* [Collected material]:
= Beginning of Section =

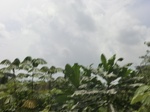 49548CIMG5885.JPG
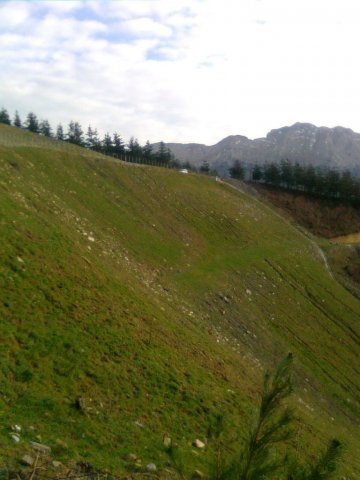 48 hidrosiembras plantaciones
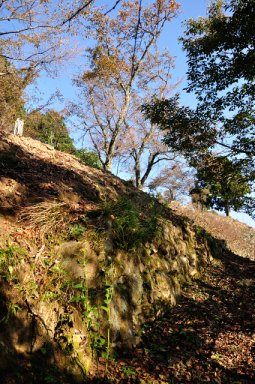 ホオヅキ段の石垣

= End of Section =

* [Directions for this task]: The output has to match the data above line for line, except that pictures are dropped.

* [Response to this task]:
 49548CIMG5885.JPG
 48 hidrosiembras plantaciones
 ホオヅキ段の石垣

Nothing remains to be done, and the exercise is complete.